Brief
Exactly as they appear below, repeat the lines from the one with "First, navigate to" through the one with "DSCP tag sets". Drop every picture.

Data for processing

_ _ _ _ _ _ _

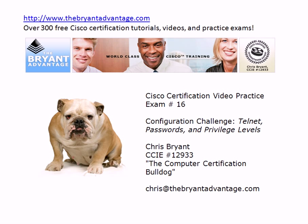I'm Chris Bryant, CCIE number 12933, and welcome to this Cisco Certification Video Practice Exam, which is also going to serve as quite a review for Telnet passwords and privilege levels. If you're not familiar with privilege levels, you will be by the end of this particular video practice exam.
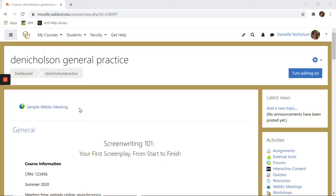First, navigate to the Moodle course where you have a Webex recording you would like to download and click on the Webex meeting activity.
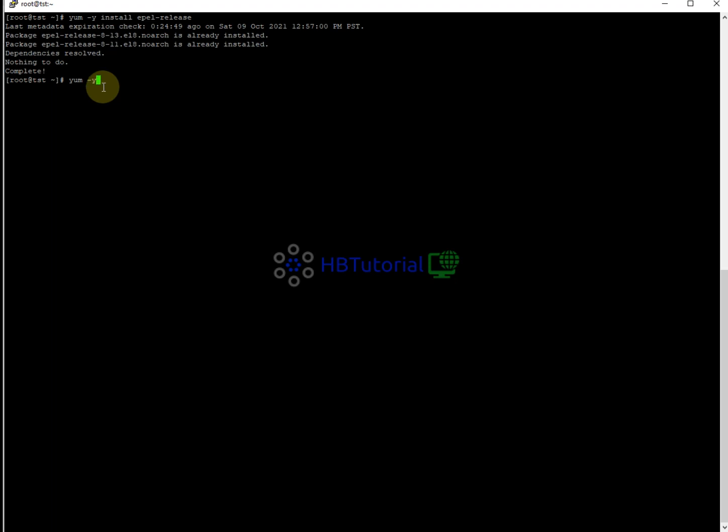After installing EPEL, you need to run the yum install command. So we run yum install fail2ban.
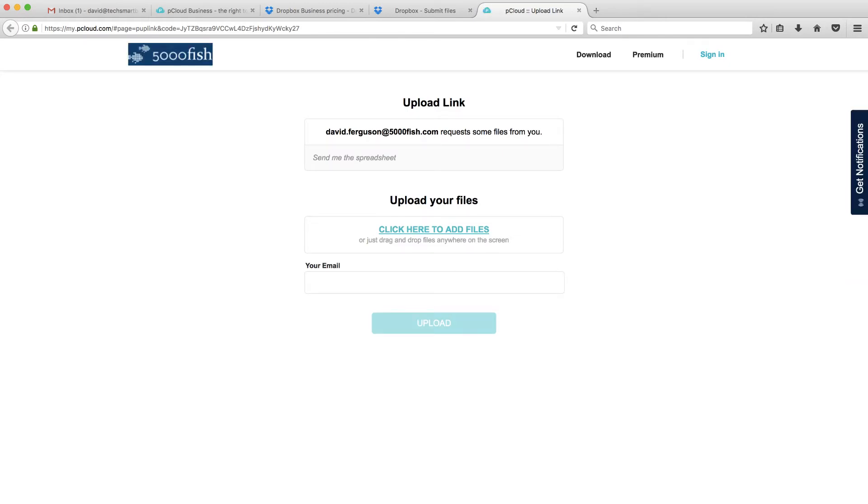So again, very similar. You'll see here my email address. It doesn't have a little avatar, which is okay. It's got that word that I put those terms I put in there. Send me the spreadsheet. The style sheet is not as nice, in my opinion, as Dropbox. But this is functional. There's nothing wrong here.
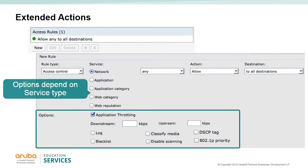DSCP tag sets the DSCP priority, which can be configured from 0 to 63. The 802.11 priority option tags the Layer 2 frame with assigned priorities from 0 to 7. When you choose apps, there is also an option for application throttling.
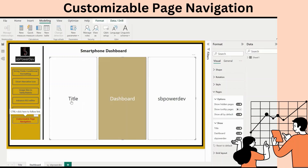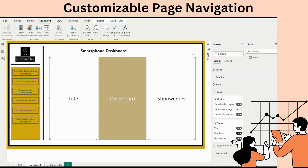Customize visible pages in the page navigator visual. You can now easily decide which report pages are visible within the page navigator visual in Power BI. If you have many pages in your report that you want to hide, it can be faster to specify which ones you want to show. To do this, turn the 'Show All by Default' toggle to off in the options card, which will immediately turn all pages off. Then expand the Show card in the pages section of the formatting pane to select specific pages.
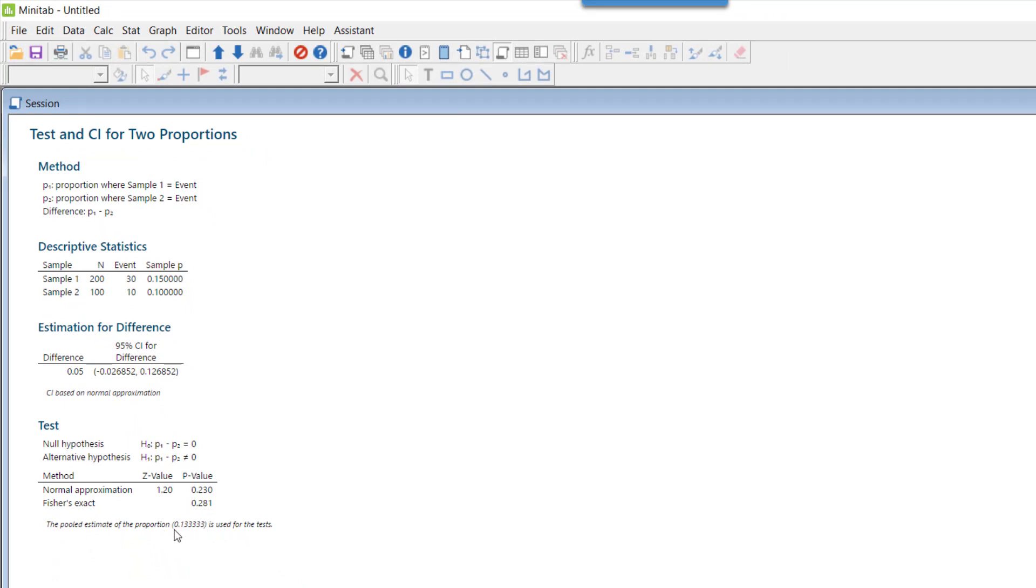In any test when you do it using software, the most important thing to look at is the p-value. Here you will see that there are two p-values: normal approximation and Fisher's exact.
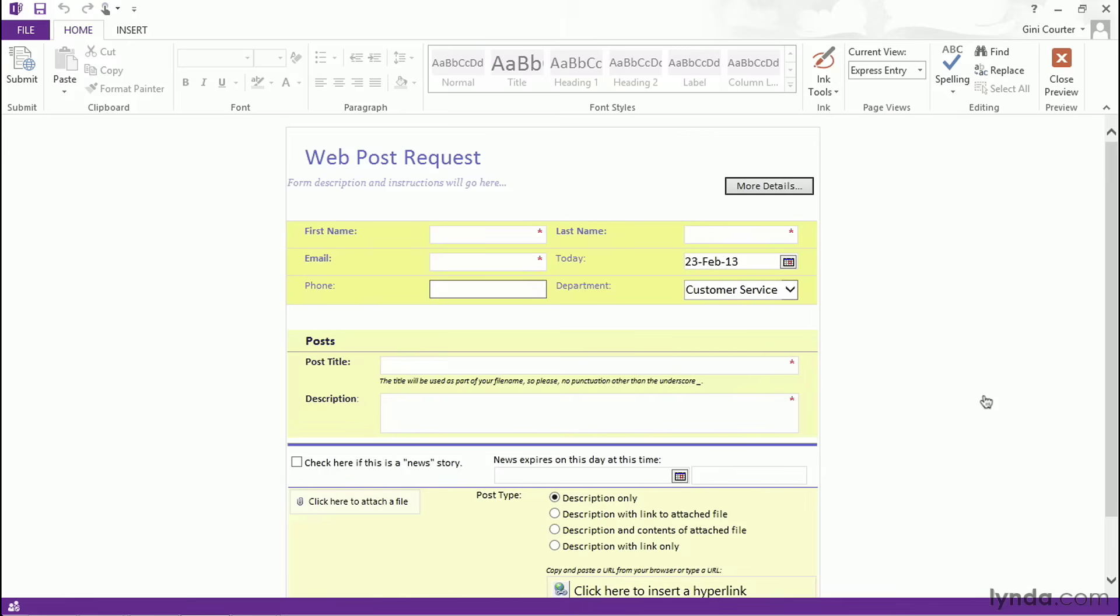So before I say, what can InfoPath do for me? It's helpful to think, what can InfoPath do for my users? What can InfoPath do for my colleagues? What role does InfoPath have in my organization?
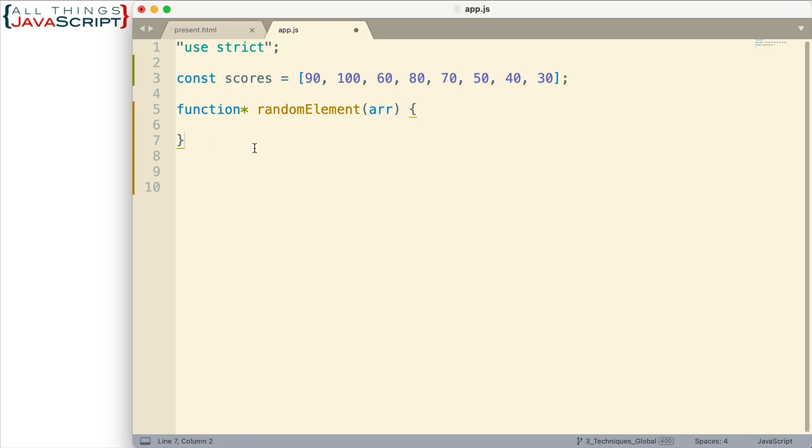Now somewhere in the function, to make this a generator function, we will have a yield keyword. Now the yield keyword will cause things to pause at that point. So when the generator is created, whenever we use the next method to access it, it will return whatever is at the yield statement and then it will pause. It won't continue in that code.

_ _ _ _ _ _ _

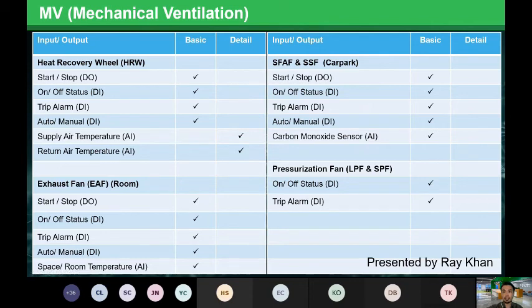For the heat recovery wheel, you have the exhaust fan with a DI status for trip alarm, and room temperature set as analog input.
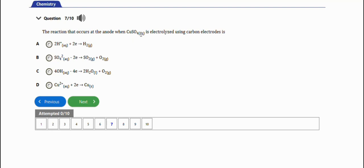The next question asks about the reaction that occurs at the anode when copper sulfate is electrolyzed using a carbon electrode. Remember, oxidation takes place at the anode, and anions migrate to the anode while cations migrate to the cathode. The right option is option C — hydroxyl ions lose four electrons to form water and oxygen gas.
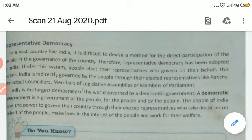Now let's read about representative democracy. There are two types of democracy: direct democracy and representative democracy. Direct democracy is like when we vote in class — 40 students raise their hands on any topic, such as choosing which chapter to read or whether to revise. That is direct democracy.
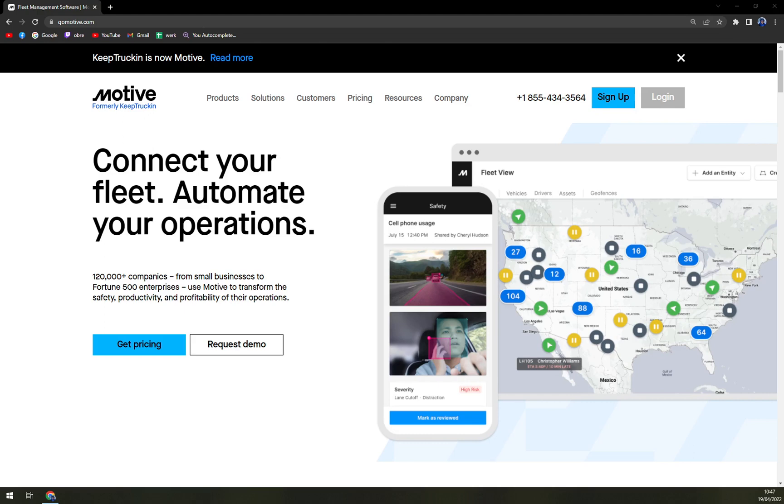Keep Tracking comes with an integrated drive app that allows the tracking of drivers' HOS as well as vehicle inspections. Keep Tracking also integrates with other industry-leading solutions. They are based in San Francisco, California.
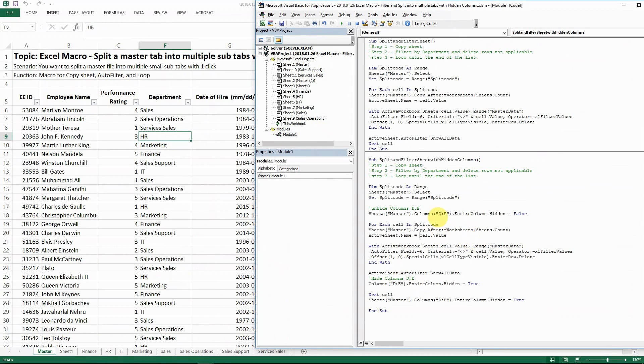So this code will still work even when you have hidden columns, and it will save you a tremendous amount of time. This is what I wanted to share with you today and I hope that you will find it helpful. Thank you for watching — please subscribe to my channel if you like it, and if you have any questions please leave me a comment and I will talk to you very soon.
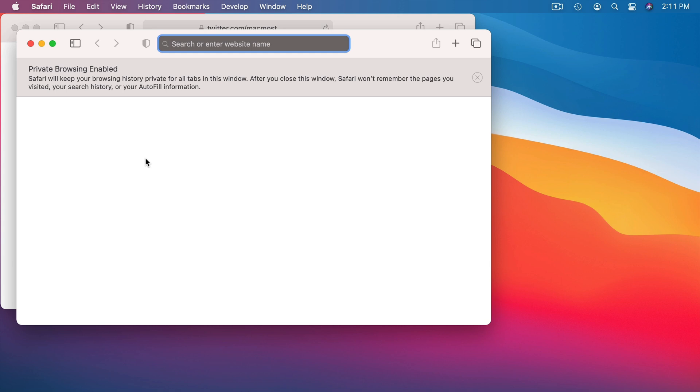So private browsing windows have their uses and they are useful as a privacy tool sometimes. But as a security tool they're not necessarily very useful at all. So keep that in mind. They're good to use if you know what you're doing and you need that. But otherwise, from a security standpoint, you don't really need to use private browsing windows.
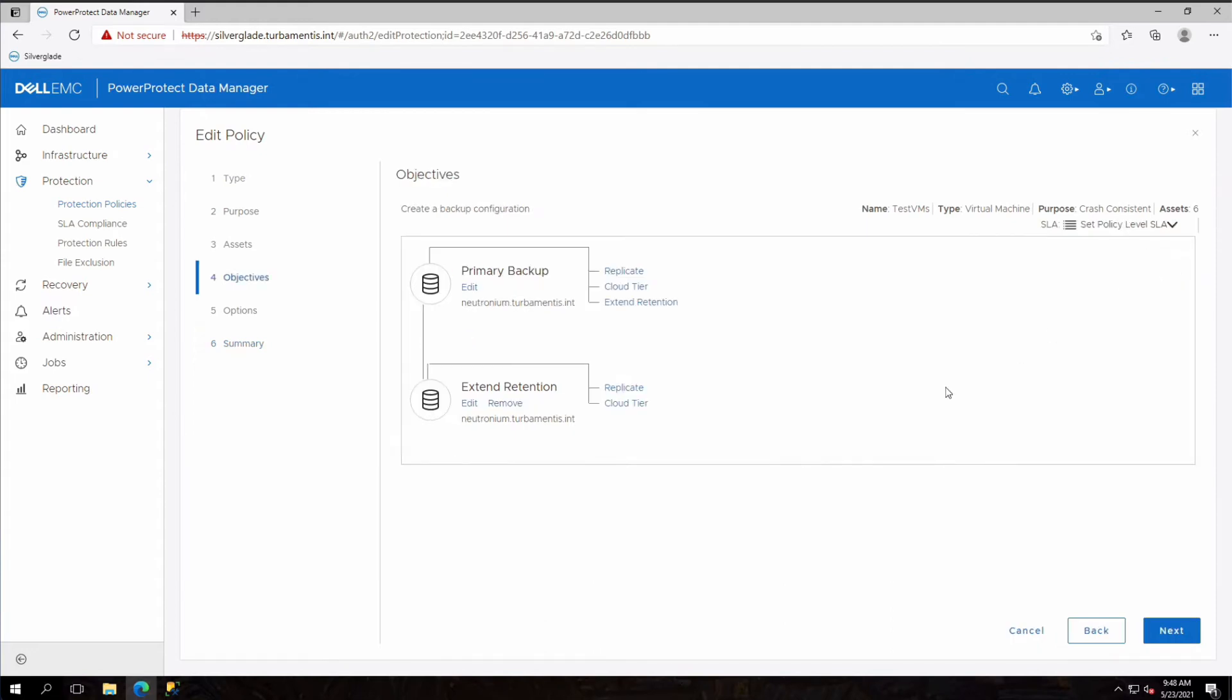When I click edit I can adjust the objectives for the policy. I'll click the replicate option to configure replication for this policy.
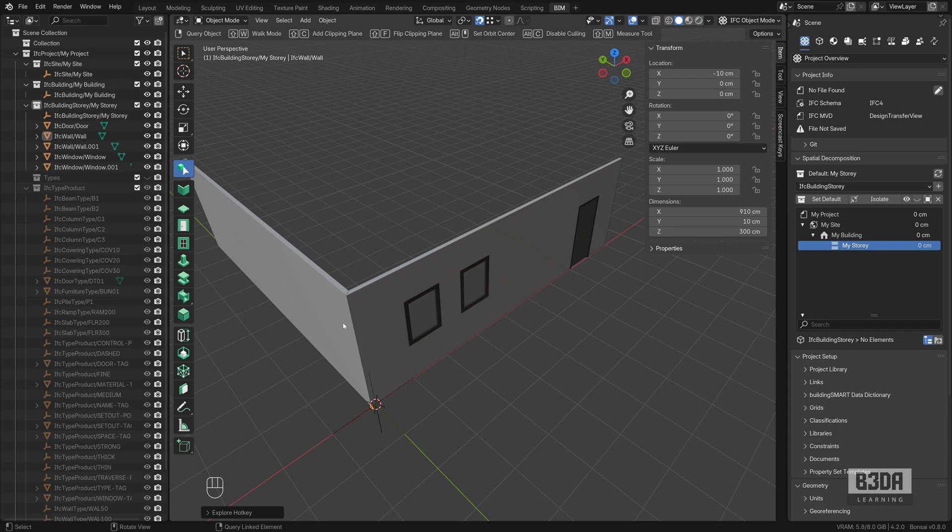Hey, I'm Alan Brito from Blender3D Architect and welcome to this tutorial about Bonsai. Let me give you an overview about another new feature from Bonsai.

_ _ _ _ _ _ _

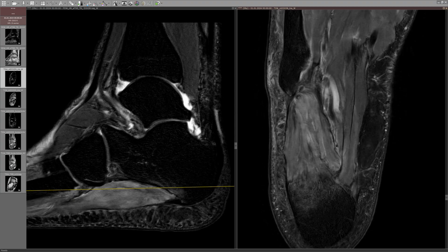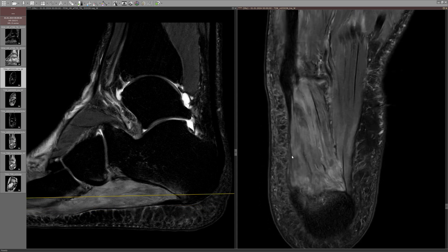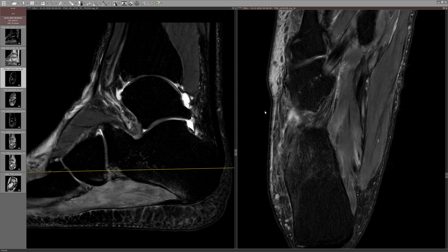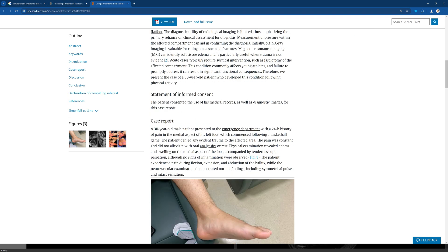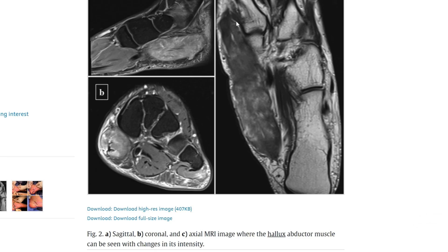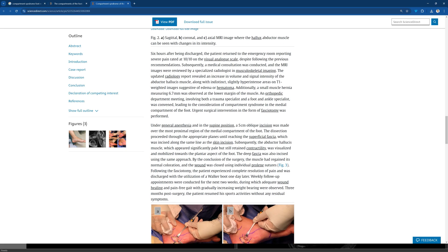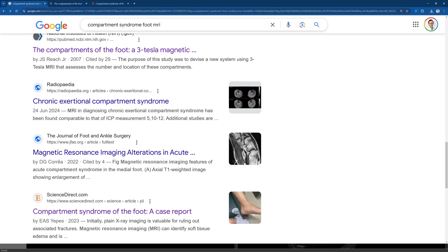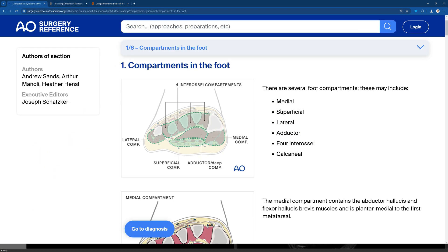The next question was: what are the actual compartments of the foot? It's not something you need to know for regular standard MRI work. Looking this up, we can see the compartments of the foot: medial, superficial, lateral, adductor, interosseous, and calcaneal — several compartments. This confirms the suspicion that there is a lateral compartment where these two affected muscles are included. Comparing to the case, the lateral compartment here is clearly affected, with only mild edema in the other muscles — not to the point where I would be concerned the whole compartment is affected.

_ _ _ _ _ _ _

Exercise output
First, navigate to the Moodle course where you have a Webex recording you would like to download and click on the Webex meeting activity.
After installing EPEL, you need to run the yum install command. So we run yum install fail2ban.
So again, very similar. You'll see here my email address. It doesn't have a little avatar, which is okay. It's got that word that I put those terms I put in there. Send me the spreadsheet. The style sheet is not as nice, in my opinion, as Dropbox. But this is functional. There's nothing wrong here.
DSCP tag sets the DSCP priority, which can be configured from 0 to 63. The 802.11 priority option tags the Layer 2 frame with assigned priorities from 0 to 7. When you choose apps, there is also an option for application throttling.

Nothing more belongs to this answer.